Elle revient ensuite, précédée de Reggie et Hervé, se rafraichissant autant que jouant avec un éventail qui vient compléter sa tenue au style asiatique. Elle interprète alors une version du classique de Leonard Cohen, Suzanne, aux sonorités des îles avant de faire à nouveau appel au public comme chœur sur Take It To The Father qu’elle harangue depuis les gradins et  elle accompagne son chant de pas de danse dans le plus pur style des chanteuses de chez Motown, descendant sur ses genoux, nez pincé.

On approche alors à petits pas de la fin du concert et l’heure des rappels sonne. Le choix est donné au public entre un morceau swing et un morceau blues. Le vote est sans appel : les deux ! Elle éclate de rire et entame le blues en premier, Soothing Kinda Love (autre titre bonus de son album).
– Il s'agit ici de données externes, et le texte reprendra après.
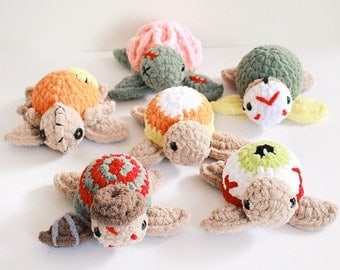 Halloween Themed Turtle Crochet Pattern Bundle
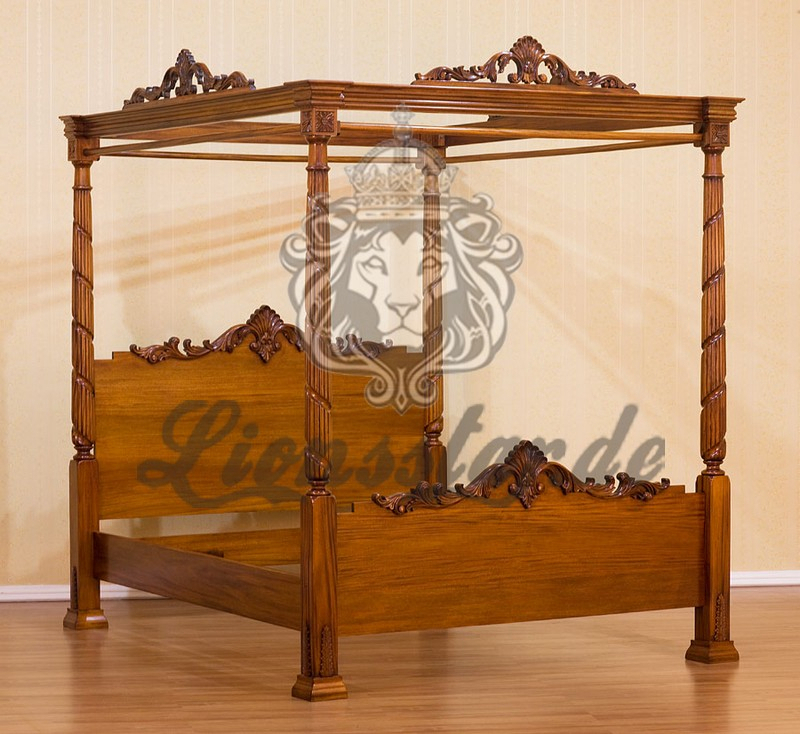 Wood Himmelbett Barock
Elle agite une écharpe devant elle qu’elle abandonne vite en la lançant à son bassiste, mort de rire.

Elle nous abonde d’anecdotes sur la période de sa vie où elle chantait à Broadway et sur son rapport avec sa mère, puis entame le rappel de la soirée par trois titres : Big Spender sur laquelle le public claque des doigts en rythme, puis le swing Work Song de Oscar Brown Jr, déjà repris par sa mère, et enfin son Finally Free, sorte d’hymne dédié à la délivrance du poids de son passé et de son héritage. Elle est libre et le revendique haut et fort. Cette chanson est d’ailleurs une sorte de résumé de sa vie, tant personnelle qu’artistique et qu’elle présente en deux parties aux rythmes différents, entrecoupées de nouveaux hommages à de grands artistes qui l’ont marquée.

Après une acclamation et de forts applaudissements de la part de l’Arsenal, Lisa a signé pendant plus d’une heure et demie son album, agrémenté de photos et de moult sourires avec tous ceux qui le souhaitaient. Une artiste remarquable, modèle, tout en simplicité et humanité. Rendez-vous le 18 octobre à l’Abbaye de Neumünster au Luxembourg pour un nouveau moment d’enchantement.